What the task asks: In the entries below, find the line with "B: Jurkat Cell Lysate" and the line with "hair transplant before and after photo". Print those two and everything between them exactly, and nothing else.

Data to use:
____
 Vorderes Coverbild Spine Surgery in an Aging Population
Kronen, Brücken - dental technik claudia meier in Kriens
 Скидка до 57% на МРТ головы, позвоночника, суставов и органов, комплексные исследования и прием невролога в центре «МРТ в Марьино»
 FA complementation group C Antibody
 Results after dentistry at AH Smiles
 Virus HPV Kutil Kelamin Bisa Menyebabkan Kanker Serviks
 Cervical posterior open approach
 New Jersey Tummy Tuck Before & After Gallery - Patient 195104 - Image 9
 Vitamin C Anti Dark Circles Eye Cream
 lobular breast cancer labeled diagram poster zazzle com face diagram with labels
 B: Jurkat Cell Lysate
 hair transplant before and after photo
____
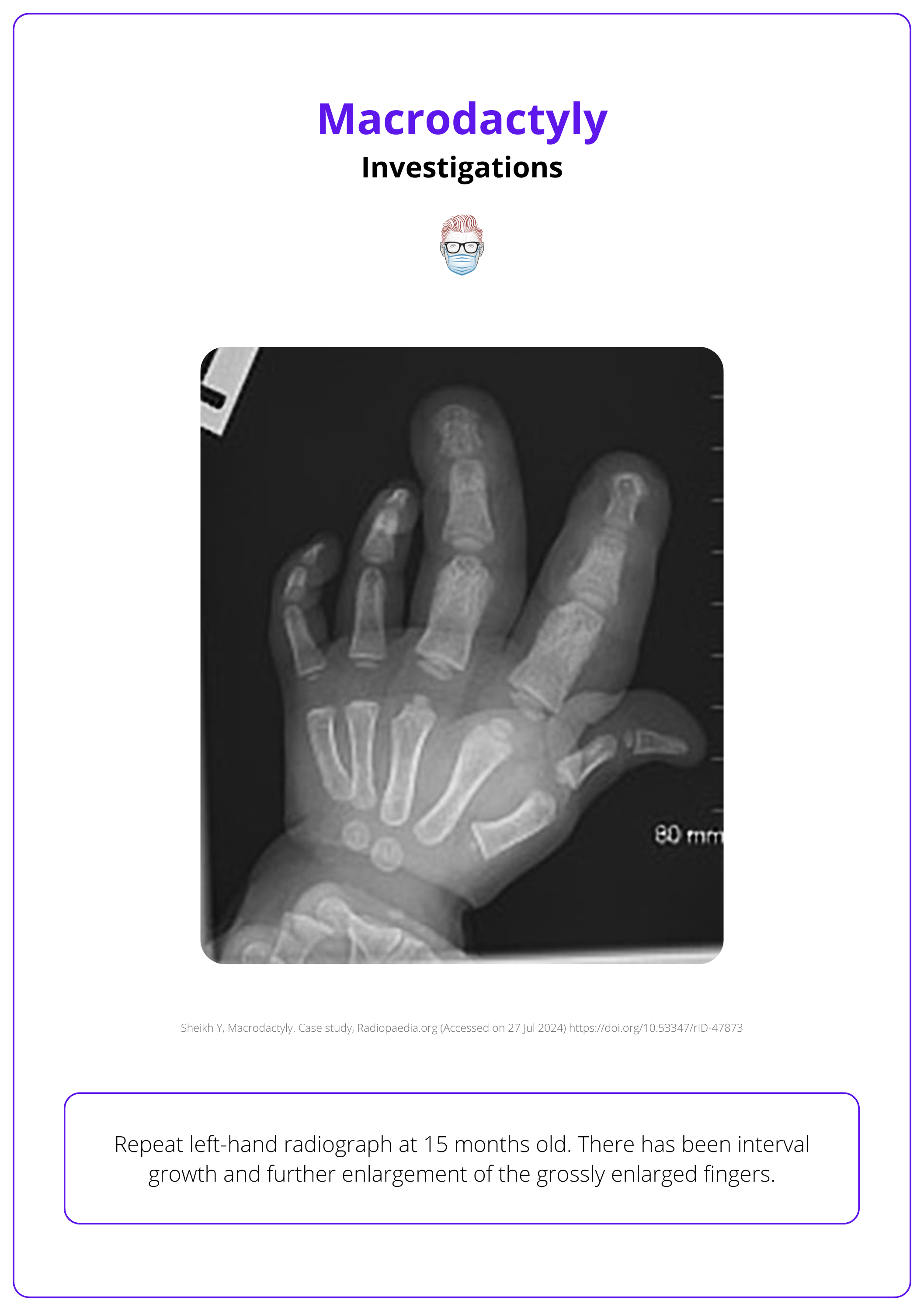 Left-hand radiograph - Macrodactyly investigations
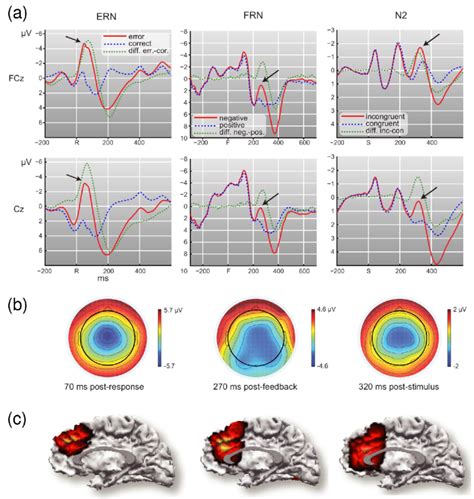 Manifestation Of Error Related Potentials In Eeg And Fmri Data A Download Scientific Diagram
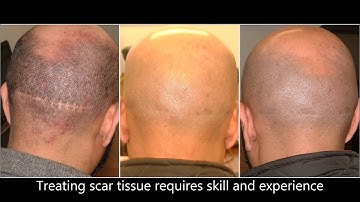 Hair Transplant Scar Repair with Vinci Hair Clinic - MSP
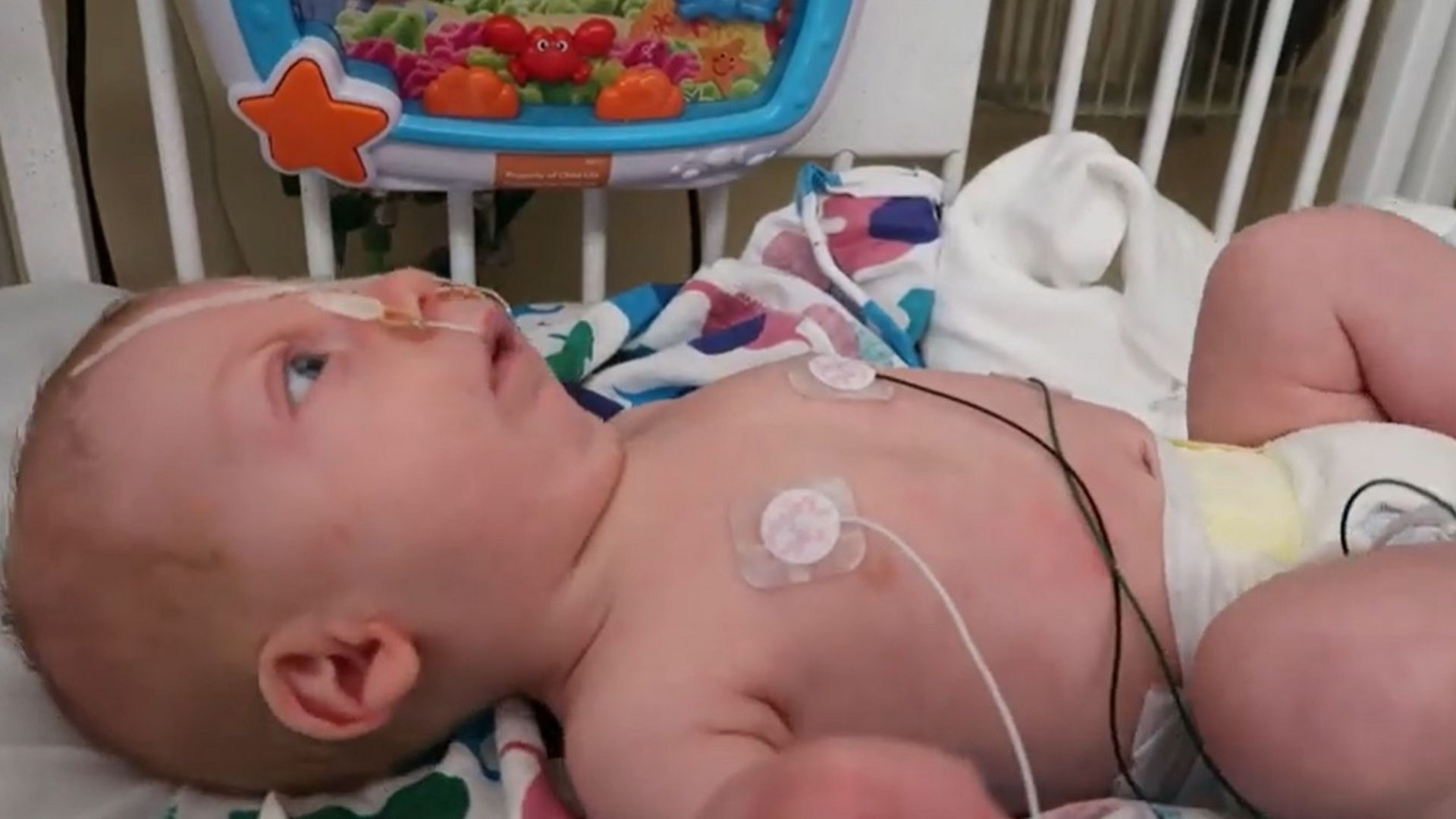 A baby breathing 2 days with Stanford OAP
____
Solution below:
 B: Jurkat Cell Lysate
 hair transplant before and after photo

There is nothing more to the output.